Nineteen months later the Navy concluded that it could not determine who or what had caused the explosion, provided a partial apology to Hartwig's family, and closed its investigation. In contrast, Sandia concluded that the explosion had probably been caused by an overram of the powder bags into the center gun's breech, possibly because of a malfunction in the rammer mechanism or because the gun crew was inadequately trained.

==Critical reception, Navy reaction, and movie==
Upon its publication, the book received favorable reviews. Dan Blue, reviewing the book for the San Francisco Chronicle, stated that, "In its main outlines, it convinces" and "Beyond accuracy, Thompson's book provides a gripping read". Steve Weinberg, in the Denver Post, wrote that, "Measured by its information gathering, this is a great book of investigative journalism." The book was selected by the Book of the Month Club as its featured selection in March 1999.

Thompson stated that after the book was published a previously scheduled invitation to speak at the US Navy's National Museum was rescinded, his book was banned from being sold in the museum's book store, and Navy exchange stores at bases throughout the world were forbidden from selling his book. Emails between Navy officials obtained by Thompson through a Freedom of Information Act request included one from a Navy public affairs officer dated April 15, 1999, saying with regard to Thompson, "I will call book wholesalers and tell them not to set up book signings with this author."

The Navy denied that it attempted to suppress or censor Thompson's book, stating that it had simply refused permission for Thompson to hold book signings on any Navy bases. In August 1999 Salon.com checked the bookstores at the United States Naval Academy, Naval Submarine Base New London, and Iowa's former home base Naval Station Norfolk and did not find the book available for sale at any of the locations.

In 2001 the FX TV network broadcast a movie A Glimpse of Hell based on Thompson's book, starring James Caan and Robert Sean Leonard. The movie received a 3.3 household rating and drew 2.7 million viewers, according to Nielsen Media Research, enough to make the movie the most-watched program in FX's seven-year history.

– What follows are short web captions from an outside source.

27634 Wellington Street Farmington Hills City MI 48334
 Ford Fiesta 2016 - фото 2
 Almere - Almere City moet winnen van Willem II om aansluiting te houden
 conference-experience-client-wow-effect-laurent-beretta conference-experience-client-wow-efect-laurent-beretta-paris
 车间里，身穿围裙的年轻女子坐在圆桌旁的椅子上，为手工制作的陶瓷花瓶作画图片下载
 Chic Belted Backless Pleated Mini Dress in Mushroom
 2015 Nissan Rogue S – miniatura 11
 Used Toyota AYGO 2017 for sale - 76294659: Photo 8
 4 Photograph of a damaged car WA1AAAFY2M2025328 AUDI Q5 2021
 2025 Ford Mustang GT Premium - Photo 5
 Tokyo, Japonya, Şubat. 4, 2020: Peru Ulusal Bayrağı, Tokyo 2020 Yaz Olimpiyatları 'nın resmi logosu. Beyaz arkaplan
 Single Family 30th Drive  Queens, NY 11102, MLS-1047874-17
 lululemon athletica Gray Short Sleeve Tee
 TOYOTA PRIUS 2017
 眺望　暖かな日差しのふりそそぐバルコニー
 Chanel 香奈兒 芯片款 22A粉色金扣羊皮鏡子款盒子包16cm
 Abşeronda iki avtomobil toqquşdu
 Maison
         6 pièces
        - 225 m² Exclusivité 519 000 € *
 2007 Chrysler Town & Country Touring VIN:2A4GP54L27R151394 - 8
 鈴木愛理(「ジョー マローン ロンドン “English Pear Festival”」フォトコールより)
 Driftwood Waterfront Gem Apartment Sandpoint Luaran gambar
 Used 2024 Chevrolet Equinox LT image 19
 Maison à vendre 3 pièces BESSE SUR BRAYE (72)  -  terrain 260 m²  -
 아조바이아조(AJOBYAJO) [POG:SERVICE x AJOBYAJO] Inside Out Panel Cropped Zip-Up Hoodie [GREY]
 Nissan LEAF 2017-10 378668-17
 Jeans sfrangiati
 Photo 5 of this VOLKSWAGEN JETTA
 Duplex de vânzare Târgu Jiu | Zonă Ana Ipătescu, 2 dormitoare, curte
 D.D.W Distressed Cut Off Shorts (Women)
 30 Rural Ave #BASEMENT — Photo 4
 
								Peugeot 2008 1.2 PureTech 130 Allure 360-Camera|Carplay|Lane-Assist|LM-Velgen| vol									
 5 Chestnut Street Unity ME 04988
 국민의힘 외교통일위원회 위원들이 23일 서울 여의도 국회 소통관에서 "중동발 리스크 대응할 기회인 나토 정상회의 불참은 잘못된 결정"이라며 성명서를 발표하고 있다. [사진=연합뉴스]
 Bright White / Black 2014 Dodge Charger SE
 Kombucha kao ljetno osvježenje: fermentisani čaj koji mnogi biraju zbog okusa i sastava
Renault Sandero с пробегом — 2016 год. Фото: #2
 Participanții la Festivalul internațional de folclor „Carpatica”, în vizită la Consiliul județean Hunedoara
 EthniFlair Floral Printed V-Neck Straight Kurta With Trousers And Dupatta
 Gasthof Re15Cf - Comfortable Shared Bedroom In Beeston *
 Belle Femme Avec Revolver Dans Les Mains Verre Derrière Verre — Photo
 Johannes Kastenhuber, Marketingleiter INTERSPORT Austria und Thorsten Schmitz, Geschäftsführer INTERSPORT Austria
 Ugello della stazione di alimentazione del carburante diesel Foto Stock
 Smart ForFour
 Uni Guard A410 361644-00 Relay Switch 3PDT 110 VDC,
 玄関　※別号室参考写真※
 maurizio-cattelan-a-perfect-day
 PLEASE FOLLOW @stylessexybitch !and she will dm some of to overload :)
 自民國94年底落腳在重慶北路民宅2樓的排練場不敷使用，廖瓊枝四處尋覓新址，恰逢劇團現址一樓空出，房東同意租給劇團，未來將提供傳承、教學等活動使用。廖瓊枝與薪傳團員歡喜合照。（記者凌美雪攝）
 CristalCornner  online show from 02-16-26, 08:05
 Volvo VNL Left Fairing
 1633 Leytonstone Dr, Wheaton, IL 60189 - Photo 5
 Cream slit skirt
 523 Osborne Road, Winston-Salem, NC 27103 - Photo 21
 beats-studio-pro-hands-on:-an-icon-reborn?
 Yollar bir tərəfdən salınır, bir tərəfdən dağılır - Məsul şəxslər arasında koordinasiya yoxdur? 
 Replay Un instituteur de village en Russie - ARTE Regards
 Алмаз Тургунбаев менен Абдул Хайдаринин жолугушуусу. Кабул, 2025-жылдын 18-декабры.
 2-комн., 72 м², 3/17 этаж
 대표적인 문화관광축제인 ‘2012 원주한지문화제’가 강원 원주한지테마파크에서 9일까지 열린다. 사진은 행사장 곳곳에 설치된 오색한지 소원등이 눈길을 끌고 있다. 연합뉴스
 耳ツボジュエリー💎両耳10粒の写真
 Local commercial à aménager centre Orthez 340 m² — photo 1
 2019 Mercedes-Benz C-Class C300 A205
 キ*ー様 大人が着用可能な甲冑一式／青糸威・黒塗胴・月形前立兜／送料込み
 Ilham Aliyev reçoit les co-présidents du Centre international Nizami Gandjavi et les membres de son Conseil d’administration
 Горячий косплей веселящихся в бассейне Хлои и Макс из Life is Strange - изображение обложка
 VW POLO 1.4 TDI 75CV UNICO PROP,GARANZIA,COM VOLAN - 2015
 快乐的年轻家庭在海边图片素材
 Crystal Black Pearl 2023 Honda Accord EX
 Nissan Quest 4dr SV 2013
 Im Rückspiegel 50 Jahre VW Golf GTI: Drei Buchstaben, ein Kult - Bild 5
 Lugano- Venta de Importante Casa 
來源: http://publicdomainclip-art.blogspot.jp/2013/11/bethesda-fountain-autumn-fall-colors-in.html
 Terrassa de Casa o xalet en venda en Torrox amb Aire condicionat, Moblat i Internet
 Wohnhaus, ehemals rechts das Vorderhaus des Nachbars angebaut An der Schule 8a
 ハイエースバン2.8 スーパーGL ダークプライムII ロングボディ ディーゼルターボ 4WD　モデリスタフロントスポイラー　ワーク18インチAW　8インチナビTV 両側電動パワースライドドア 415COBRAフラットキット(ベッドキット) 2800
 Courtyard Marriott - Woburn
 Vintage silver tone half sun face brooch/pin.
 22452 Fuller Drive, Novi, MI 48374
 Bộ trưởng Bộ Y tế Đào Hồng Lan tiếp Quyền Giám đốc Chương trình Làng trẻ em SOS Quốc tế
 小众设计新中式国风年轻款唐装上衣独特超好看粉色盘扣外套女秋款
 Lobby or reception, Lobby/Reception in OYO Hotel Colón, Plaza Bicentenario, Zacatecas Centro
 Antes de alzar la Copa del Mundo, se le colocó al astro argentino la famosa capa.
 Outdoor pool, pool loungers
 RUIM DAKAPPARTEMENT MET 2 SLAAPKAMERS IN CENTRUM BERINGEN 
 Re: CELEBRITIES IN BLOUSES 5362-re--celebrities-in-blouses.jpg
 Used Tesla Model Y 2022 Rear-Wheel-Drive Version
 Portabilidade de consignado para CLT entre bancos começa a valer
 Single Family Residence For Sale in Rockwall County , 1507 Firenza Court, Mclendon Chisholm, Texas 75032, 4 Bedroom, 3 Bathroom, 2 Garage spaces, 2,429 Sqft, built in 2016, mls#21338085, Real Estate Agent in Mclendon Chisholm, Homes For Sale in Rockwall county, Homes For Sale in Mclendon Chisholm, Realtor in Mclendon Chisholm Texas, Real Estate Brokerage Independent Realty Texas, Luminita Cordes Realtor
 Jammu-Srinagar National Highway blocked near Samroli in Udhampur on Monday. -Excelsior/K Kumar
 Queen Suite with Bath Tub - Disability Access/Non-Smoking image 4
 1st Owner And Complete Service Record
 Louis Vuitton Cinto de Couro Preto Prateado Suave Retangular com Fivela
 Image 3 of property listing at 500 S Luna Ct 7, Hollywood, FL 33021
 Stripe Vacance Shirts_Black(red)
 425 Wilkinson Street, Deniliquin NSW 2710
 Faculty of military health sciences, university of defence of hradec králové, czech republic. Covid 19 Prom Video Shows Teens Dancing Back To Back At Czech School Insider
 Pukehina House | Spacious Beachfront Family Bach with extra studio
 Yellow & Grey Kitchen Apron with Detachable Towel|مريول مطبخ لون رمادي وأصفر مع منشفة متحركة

W. W. Norton does not appear to have released sales figures for the book. As of January 2009, Amazon.com lists the book at #997,726 in sales out of all books offered by the bookseller, and at No. 85 in books related to the State of Iowa.

==Lawsuit==
In March 2001 Moosally, Miceli, and two other former Iowa officers filed suit against Thompson, W. W. Norton, and Dan Meyer, who the plaintiffs stated provided much of the information used in the book, for libel, false light privacy, and conspiracy. In April 2001, another former Iowa crewman filed a separate suit with the same attorney for the same causes of action. In response to the suits, Thompson stated that he stood "foursquare" behind his book's content.

In April 2004 the South Carolina Supreme Court dismissed the suits against Thompson and Meyer, but allowed the suit against W. W. Norton to proceed. The court stated that South Carolina's long-arm jurisdiction did not apply to Thompson and Meyer, but did to W. W. Norton.

In February 2007 the suits were settled out-of-court for undisclosed terms. Stephen F. DeAntonio, attorney for the plaintiffs, said that his clients felt "totally vindicated." W. W. Norton did not publicly retract or repudiate any of the material in Thompson's book, however, instead sending a letter to the plaintiffs stating, in part, "To the extent you believe the book implies that any of you were engaged in a cover-up, were incompetent, committed criminal acts, violated Naval regulations or exhibited faulty seamanship or professional ineptitude, Norton regrets the emotional distress experienced by you or your family."